18. Governing Law. This Agreement shall be governed by and construed in
accordance with the laws of the Province of British Columbia and the
federal laws of Canada applicable therein which shall be deemed to be the
proper law hereof.
19. Currency. Unless otherwise indicated, all dollar amounts referred to in
this Agreement are expressed in Canadian funds. References to "Cdn$" are to
Canadian dollars and references to "US$" and "$" are to United States
dollars.
20. Recitals. The recitals to this Agreement shall form a part of and are an
integral part of this Agreement.
21. Arbitration. Should there be a disagreement or dispute between or among the
parties hereto with respect to this Agreement or the interpretation
thereof, the same shall be referred to a single arbitrator pursuant to the
Commercial Arbitration Act of British Columbia, and the determination of
such arbitrator will be final and binding upon the parties hereto unless
otherwise provided for in this Agreement. The cost of such arbitrator shall
be awarded by the arbitrator within the arbitrator's discretion.
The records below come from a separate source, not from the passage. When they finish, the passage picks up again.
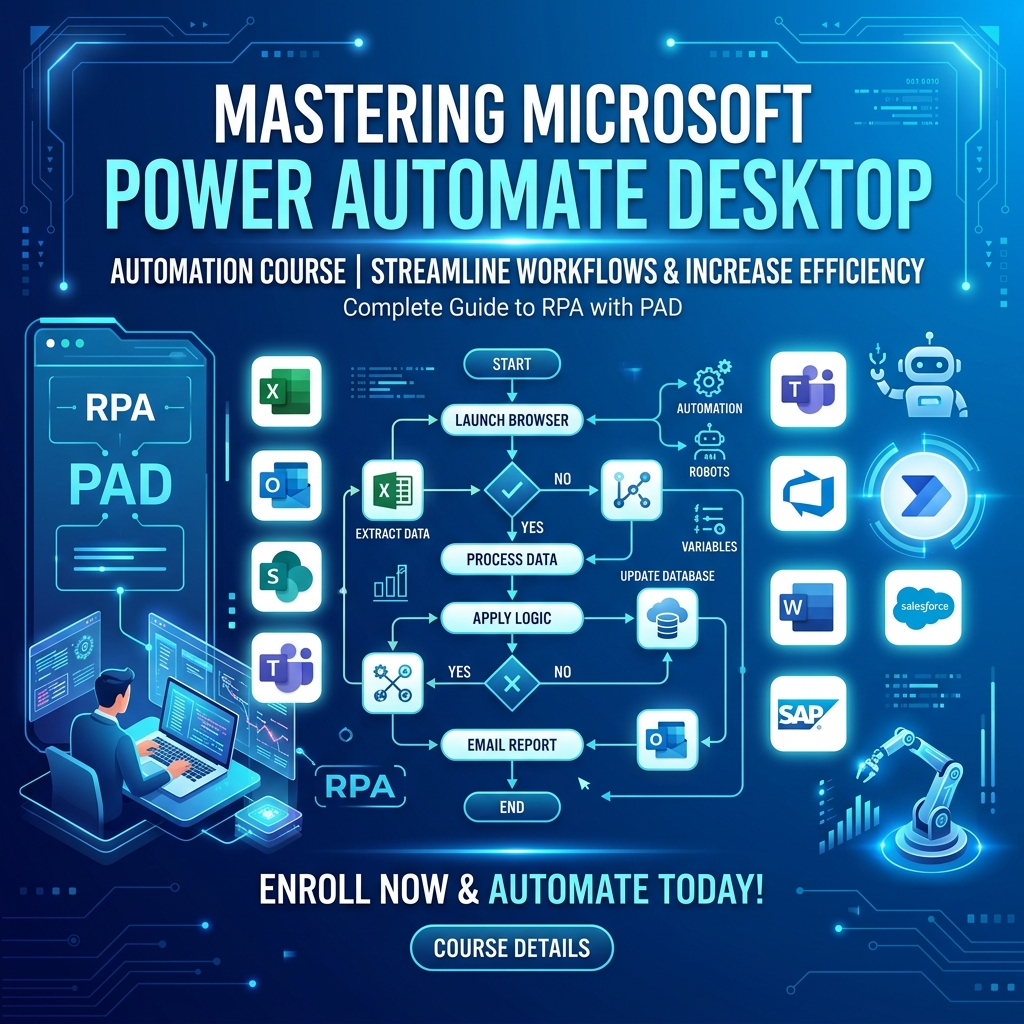 Power Automate Desktop - Tự động hóa quy trình nghiệp vụ RPA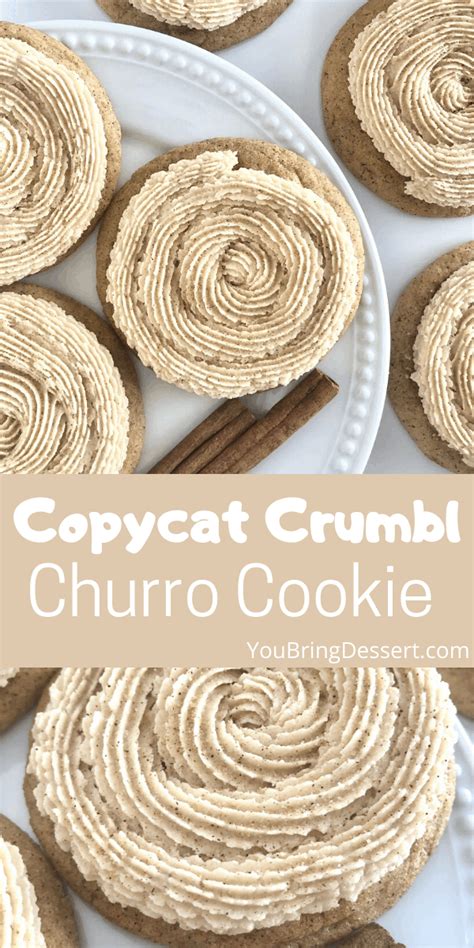 Crumbl Churro Cookie Copycat Crumble Cookie Recipe Yummy Cookies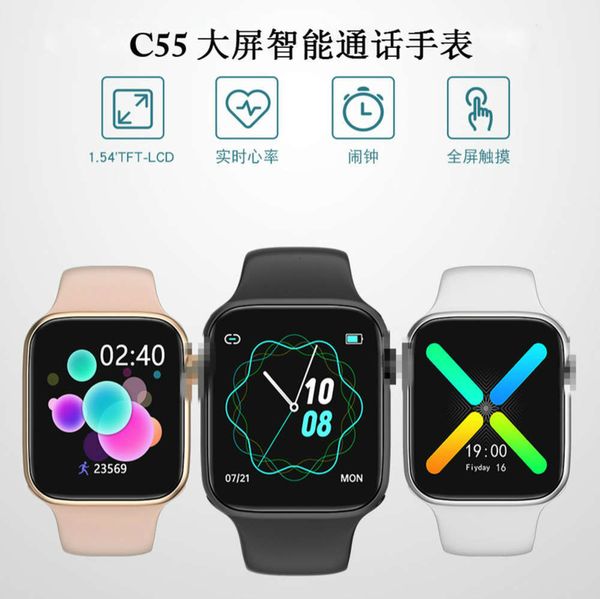 

bluetooth bracelet c55 straight call siri language watch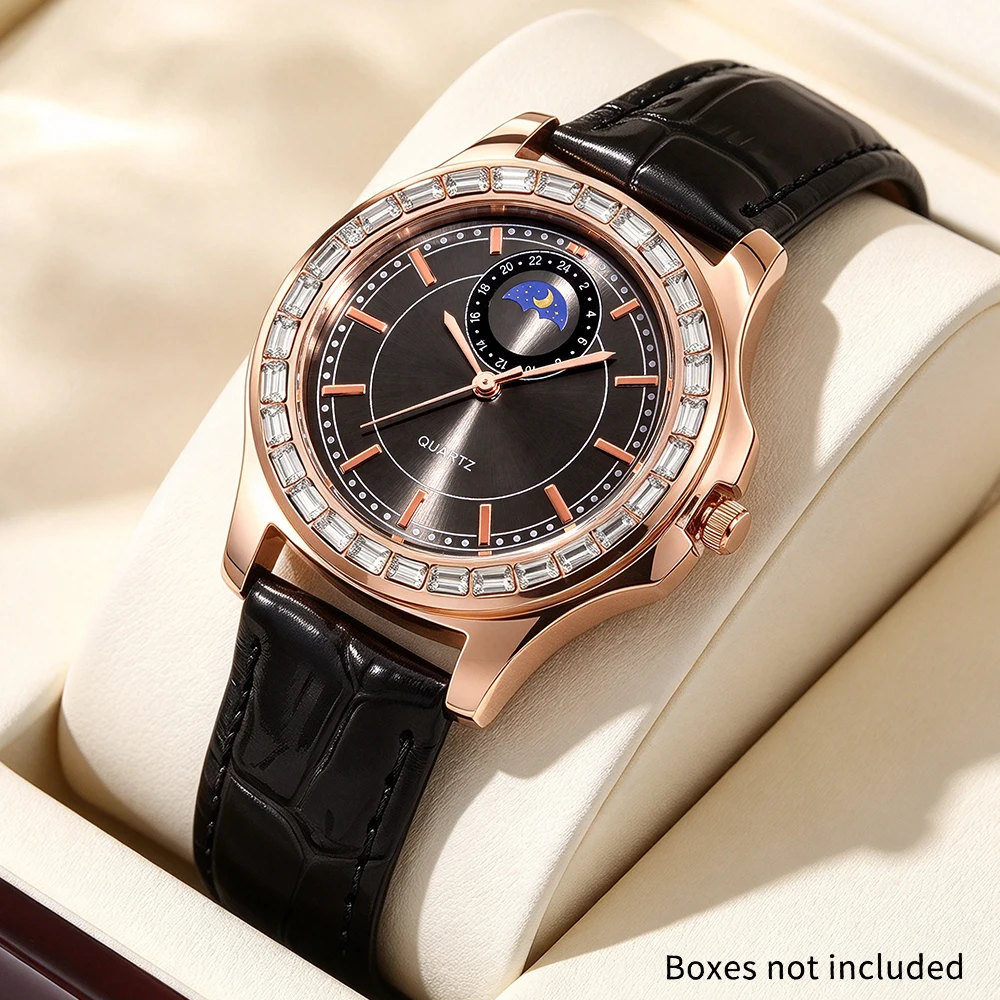 1pc Elegant and Exquisite Women's Quartz Watch Available in Multiple Colors, Suitable as a Gift for Friends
22. Enurement. This Agreement shall enure to the benefit of and be binding upon
the parties hereto and their respective personal representatives, heirs,
successors and permitted assigns.
23. Execution by Counterparts. This Agreement may be executed by the parties
hereto in as many counterparts as may be necessary or by telecopied
facsimile and each such agreement or telecopied facsimile so executed shall
be deemed to be an original and, provided that all of the parties have
executed a counterpart, such counterparts together shall constitute a valid
and binding agreement, and notwithstanding the date of execution shall be
deemed to bear the date as set forth above.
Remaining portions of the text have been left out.